Start of THE RECORDS
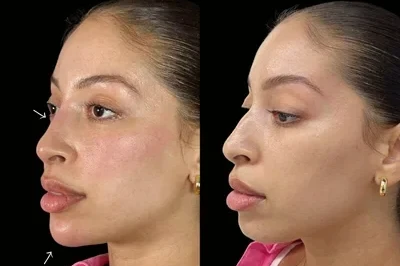 Profile Harmonization miami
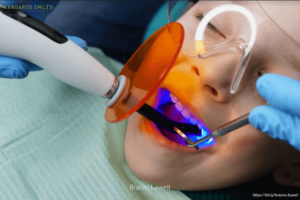 Why Choose a Pediatric Dentist & Safety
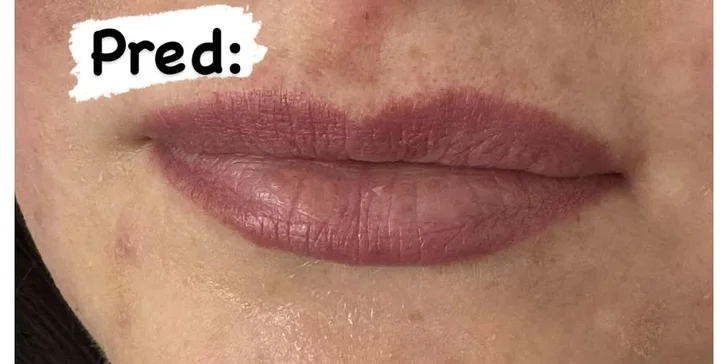 Upravenie, výplň, hydratácia alebo modelácia pier kyselinou hyalurónovou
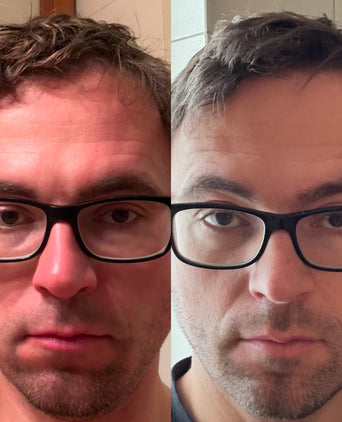 Ricarica Scandinavian Biolabs Bio-Pilixin Hairline Booster (confezione da 1)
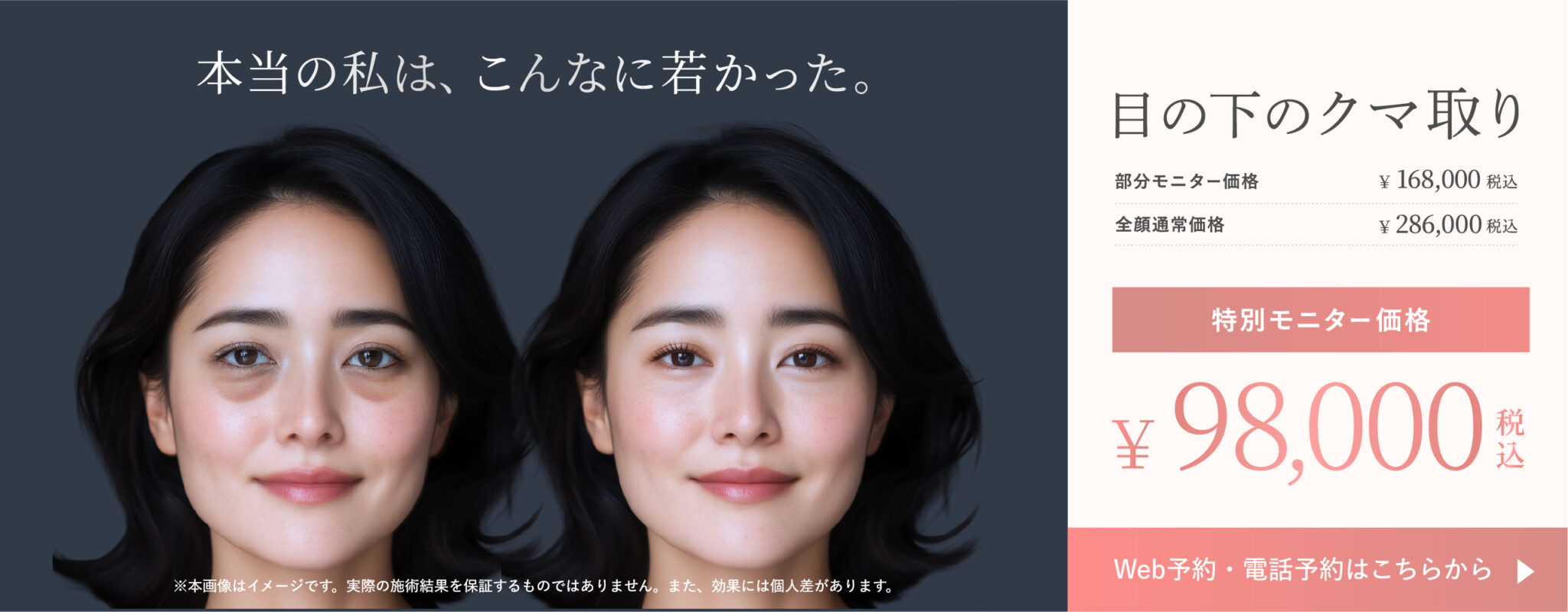 8月クマ取り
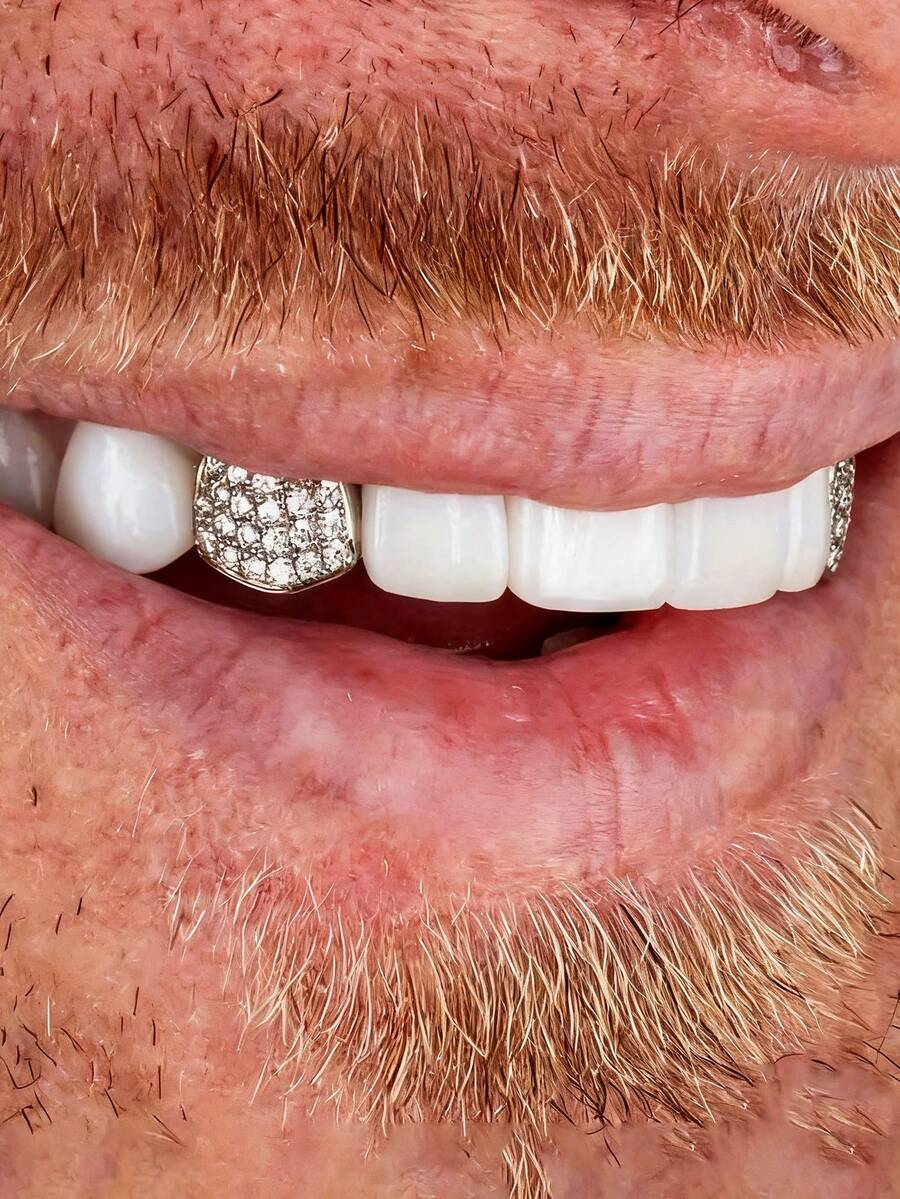 2pcs Hip Hop Style Men's Glitter Tooth Grillz, Popular Accessory For Men At Parties And Music Festivals - Single Braces - View 1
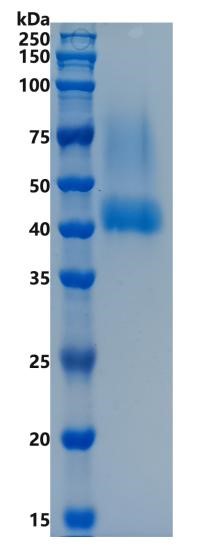 鵰 Recombinant Human Biglycan / BGN / SLRR1A  Protein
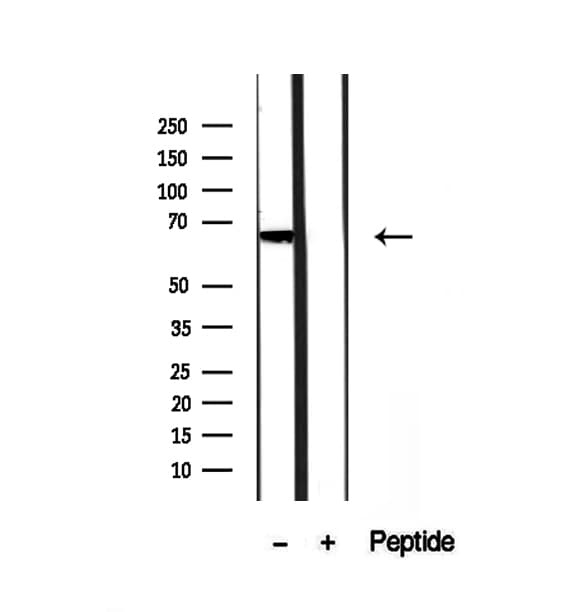 Polyclonal Rabbit anti-Human PHF19 Antibody (IHC, WB)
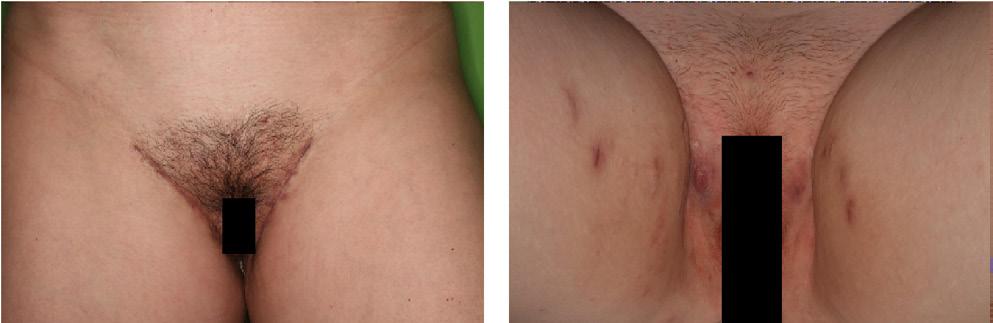 Rövidítések ANA = (antinuclear antibody) antinukleáris ellenanyag; BMI = (body mass index) testtömegindex; COX = (cyclooxygenase) ciklooxigenáz; DHEAS = (dehydroepiandrosterone sulfate)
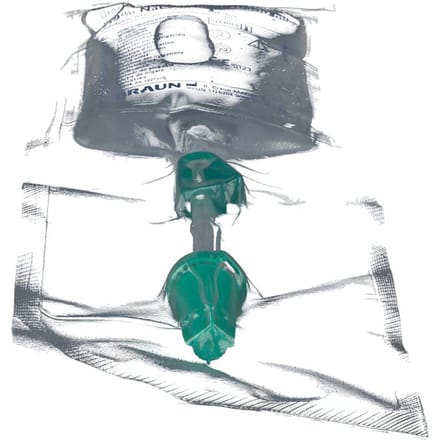 Uro-Tainer NaCl 0,9% 100ml 1 Oplossing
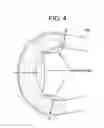 Fig. 05 - Balloon expandable bioabsorbable drug eluting stent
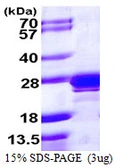Human RAB2A protein, His tag. GTX67720-pro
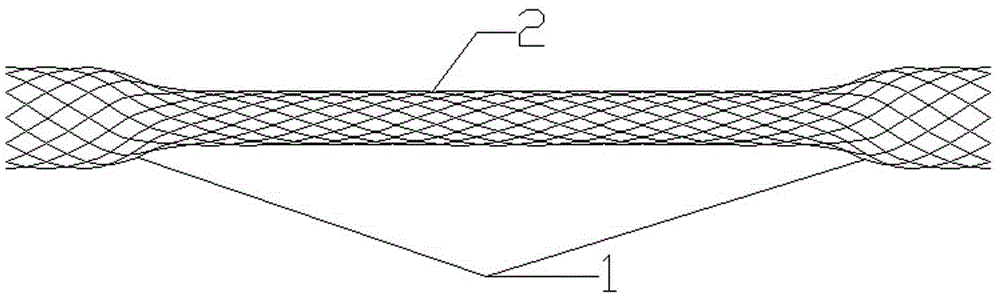 Novel biodegradable zinc-based metal material and ureteral expandable stent obtained through material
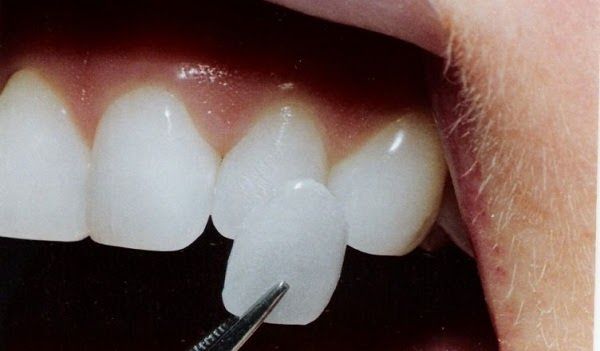 Những yếu tố quyết định độ bền của răng sau khi dán sứ veneer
End of THE RECORDS
The complete listing must be transcribed verbatim, and all pictures are to be omitted.

 Profile Harmonization miami
 Why Choose a Pediatric Dentist & Safety
 Upravenie, výplň, hydratácia alebo modelácia pier kyselinou hyalurónovou
 Ricarica Scandinavian Biolabs Bio-Pilixin Hairline Booster (confezione da 1)
 8月クマ取り
 2pcs Hip Hop Style Men's Glitter Tooth Grillz, Popular Accessory For Men At Parties And Music Festivals - Single Braces - View 1
 鵰 Recombinant Human Biglycan / BGN / SLRR1A  Protein
 Polyclonal Rabbit anti-Human PHF19 Antibody (IHC, WB)
 Rövidítések ANA = (antinuclear antibody) antinukleáris ellenanyag; BMI = (body mass index) testtömegindex; COX = (cyclooxygenase) ciklooxigenáz; DHEAS = (dehydroepiandrosterone sulfate)
 Uro-Tainer NaCl 0,9% 100ml 1 Oplossing
 Fig. 05 - Balloon expandable bioabsorbable drug eluting stent
Human RAB2A protein, His tag. GTX67720-pro
 Novel biodegradable zinc-based metal material and ureteral expandable stent obtained through material
 Những yếu tố quyết định độ bền của răng sau khi dán sứ veneer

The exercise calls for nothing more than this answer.